At last Manning stopped blabbing and disconnected. Jason hauled on his jeans, slammed out of his motel room, and stalked down the walkway to thump on Kennedy’s door.
Annoyingly, his hair, wet from the shower, was dripping down his face. Jason brushed the drops from his cheeks just as Kennedy opened the door. Terror he might look like he was weeping spurred Jason into attack.
“What the hell do you think you’re doing telling Manning I froze yesterday? You weren’t there. You have no idea what happened. I did not freeze.”
Kennedy said levelly, as though he was used to being greeted every morning by enraged colleagues, “I think you froze.”
“I didn’t freeze. You weren’t even th—”
“And I think you should stop yelling the word froze where anyone can hear you.” To Jason’s astonishment, Kennedy wrapped his hand around Jason’s bicep and drew him into his motel room.
The effect of Kennedy’s large, capable hand drawing him briefly and disconcertingly close was…confusing. Definitely confusing. Coworkers did not breach each other’s personal space unless they were very good friends—or possibly about to punch each other.
For damn sure straight male coworkers did not casually manhandle each other. It occurred to Jason to wonder if there had been another reason he had been partnered with Kennedy. Was Kennedy gay?
Ha. Could cyborgs be gay?
Cyborg? Fleetingly, he was aware that Kennedy, though also fresh from the shower, had had time to slap on too much aftershave and drink several cups of motel Brand X coffee. He was wearing those reading glasses that made him look older if not scholarly. His shirt was unbuttoned and open, revealing unexpectedly ripped six-pack abs.
Kennedy shut the door and let go of Jason’s arm with an okay-knock-yourself-out salute.
“McEnroe pulled a gun on me,” Jason said. Loudly. “That’s what happened. He had the drop on me. You weren’t there. You don’t know what you would have done in the same situation. It’s speculation on your part. And this isn’t about that anyway. This is about you not wanting to be partnered with anyone.”
“I don’t want or need a partner,” Kennedy agreed. “But if I’m going to have one, he sure as hell needs to be someone I can rely on.”
“You can rely on me!” Though maybe shouting wasn’t the most reassuring means of delivering the message. “And if you honest to God thought you couldn’t, you could have talked to me. You didn’t have to go behind my back.”
He wasn’t sure if he imagined the red tinge that appeared on Kennedy’s face. “I didn’t realize you’d been shot.” Kennedy’s tone wasn’t exactly apologetic, but there was a note of something that might almost have been regret. His gaze lowered briefly to the puckered scar on Jason’s shoulder. “Under the circumstances, I don’t blame you for being gun shy, and if I’d known the reason, I’d have spoken to you directly. That doesn’t change the fact you shouldn’t be out in the field if you’re not able to—”
“I’m able,” Jason cut in tersely. “I’m not afraid. Unduly. Of being shot.

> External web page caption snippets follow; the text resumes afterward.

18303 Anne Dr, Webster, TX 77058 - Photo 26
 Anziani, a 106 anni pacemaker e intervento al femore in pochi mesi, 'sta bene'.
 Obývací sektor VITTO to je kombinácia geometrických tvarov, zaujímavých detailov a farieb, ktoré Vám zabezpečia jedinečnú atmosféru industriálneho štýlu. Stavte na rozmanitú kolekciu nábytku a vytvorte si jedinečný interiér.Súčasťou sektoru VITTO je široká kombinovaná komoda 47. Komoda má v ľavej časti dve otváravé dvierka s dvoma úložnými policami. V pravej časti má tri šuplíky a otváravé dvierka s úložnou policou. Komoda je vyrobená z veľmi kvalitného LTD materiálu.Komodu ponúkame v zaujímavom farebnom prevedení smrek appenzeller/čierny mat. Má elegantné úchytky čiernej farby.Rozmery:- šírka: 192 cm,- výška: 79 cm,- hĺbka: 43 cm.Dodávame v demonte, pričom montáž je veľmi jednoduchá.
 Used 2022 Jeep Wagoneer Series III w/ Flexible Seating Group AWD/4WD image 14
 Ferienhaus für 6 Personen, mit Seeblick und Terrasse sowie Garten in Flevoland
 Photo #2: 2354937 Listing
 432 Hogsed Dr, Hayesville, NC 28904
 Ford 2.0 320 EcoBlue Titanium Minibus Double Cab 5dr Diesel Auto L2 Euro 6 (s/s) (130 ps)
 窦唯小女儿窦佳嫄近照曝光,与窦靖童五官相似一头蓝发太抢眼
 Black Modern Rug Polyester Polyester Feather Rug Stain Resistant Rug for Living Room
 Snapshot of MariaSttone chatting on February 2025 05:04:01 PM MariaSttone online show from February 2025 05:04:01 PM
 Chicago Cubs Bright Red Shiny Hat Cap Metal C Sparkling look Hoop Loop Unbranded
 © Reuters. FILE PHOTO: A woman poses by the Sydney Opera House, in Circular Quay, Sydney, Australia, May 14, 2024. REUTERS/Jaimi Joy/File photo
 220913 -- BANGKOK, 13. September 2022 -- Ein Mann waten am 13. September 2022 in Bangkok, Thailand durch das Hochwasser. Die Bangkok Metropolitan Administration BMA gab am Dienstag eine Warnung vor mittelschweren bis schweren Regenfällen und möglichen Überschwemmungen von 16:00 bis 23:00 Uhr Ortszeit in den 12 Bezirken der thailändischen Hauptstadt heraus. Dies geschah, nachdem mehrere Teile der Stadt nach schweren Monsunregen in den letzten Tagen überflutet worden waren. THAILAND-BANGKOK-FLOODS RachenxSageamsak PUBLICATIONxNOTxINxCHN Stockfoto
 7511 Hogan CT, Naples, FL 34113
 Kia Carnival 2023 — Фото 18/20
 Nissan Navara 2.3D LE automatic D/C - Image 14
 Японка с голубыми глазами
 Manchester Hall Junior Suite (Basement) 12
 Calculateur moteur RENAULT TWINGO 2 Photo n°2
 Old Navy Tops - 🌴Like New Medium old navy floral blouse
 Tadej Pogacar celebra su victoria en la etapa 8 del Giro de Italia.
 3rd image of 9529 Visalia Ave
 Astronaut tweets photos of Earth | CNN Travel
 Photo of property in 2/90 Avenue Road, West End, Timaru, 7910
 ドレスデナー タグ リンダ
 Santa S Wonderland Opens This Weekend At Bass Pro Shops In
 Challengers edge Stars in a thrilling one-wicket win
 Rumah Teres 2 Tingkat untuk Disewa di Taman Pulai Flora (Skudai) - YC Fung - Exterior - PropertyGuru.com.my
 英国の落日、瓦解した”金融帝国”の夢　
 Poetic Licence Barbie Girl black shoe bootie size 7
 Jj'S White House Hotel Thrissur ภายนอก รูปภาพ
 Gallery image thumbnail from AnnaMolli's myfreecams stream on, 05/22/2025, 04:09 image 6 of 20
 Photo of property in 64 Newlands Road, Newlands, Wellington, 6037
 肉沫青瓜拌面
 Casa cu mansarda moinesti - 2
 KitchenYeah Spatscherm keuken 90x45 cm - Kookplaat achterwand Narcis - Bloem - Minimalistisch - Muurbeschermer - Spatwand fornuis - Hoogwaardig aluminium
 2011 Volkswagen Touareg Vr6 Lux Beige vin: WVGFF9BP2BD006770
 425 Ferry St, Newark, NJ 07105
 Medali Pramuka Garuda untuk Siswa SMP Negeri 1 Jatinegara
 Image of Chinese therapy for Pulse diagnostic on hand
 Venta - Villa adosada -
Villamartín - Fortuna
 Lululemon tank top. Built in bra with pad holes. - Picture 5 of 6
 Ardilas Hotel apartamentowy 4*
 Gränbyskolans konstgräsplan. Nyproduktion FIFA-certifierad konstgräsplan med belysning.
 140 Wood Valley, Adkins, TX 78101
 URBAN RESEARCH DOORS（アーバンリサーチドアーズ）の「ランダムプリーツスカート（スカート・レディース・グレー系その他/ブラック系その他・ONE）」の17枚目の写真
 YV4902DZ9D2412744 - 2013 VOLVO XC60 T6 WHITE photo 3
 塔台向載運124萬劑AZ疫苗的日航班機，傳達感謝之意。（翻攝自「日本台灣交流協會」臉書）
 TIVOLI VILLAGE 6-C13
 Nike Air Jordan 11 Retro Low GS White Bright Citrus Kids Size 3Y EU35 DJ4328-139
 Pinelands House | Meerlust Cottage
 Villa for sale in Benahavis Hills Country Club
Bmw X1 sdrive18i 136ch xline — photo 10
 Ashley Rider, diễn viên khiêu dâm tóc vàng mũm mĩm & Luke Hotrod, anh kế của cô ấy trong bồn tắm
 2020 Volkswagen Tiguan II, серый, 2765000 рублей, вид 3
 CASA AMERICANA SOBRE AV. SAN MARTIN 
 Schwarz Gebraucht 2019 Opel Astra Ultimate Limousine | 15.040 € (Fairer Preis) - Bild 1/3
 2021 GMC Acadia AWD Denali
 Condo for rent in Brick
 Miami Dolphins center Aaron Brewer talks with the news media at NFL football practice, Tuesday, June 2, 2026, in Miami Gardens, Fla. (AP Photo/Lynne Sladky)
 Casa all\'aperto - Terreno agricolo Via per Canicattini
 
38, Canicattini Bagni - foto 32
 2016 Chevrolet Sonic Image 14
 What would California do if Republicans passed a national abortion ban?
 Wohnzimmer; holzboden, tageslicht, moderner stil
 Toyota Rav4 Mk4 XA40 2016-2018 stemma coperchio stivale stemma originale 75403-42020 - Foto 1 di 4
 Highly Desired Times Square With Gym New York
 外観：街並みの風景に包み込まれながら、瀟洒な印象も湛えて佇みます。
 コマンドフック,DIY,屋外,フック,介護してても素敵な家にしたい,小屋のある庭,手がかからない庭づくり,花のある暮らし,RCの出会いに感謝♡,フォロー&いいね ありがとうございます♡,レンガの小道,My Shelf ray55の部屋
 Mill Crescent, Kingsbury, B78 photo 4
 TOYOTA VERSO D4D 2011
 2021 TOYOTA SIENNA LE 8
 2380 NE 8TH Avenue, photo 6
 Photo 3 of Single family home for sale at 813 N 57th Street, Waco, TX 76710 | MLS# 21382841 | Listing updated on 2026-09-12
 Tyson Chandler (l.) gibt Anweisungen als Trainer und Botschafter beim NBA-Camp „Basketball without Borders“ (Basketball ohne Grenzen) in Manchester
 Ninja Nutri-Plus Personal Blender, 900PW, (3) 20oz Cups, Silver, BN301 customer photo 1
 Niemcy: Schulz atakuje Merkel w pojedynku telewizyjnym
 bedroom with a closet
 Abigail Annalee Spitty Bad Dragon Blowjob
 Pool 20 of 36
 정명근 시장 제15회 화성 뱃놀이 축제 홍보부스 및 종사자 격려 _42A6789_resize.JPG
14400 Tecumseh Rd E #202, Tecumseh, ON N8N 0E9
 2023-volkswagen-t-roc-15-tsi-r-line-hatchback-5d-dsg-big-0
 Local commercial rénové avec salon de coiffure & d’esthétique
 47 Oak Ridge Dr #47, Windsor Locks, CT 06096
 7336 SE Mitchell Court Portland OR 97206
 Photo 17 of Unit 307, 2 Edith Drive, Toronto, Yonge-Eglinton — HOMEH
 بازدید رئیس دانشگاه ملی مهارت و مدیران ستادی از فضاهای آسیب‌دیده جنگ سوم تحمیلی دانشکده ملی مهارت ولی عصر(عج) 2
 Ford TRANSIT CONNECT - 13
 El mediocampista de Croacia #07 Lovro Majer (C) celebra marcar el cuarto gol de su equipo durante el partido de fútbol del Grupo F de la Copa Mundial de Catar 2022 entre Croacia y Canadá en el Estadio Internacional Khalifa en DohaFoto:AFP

I did not free—”
“And if you can’t admit there was a problem, how am I supposed to believe you’ve got it under control?”
“Christ.” Jason turned away, raking his hand through his wet hair. He faced Kennedy. “All right. Yes. Maybe I did freeze for a few seconds. It was just the surprise, the unexpectedness of finding a gun in my face.” As he made the admission, Jason realized he had fallen for one of the oldest interrogation techniques in the world: let’s work together to fix this mess.
Yeah. Right. Busted!
He finished without hope that there would be any comprehension, “I’ve been back on the job for a month, and I’ve been fine the whole time.” He tried for a lightness he didn’t feel—and Kennedy certainly didn’t feel. “I give you my word, if we end up in a firefight this week, I’ll have your back.”
Kennedy continued to study him, flinty-eyed and unmoved. And then, to Jason’s astonishment, the powerful, aggressive line of the older man’s shoulders relaxed. He said, “All right. I’ll hold you to that.”
Kennedy said, “You’re correct. I wasn’t there. I didn’t witness the incident. You’ve been cleared for duty. You believe you’ll be ready next time. We’ll go with that.”
They…would? Kennedy would?
There was a pause—a strange moment—where neither of them spoke or moved. Jason was acutely aware of an unexpected intimacy created by physical proximity and a cautious lowering of defenses. This was probably the first honest, unguarded conversation he’d had with Kennedy. It was more than that. He was intensely, forcefully aware of Kennedy as a man. A powerful man. An attractive man. A man with shoulders like a bulwark and a full, sensual lower lip at odds with the ascetic planes of his chiseled face.
What was happening? He didn’t even like Kennedy. Did he?
Kennedy broke the spell with a crisp, “Were you planning to go bare-chested today, Agent West? I’m sure it’ll be a treat for the ladies of Kingsfield, but I suggest you grab your shirt and shoes. We need to get moving.”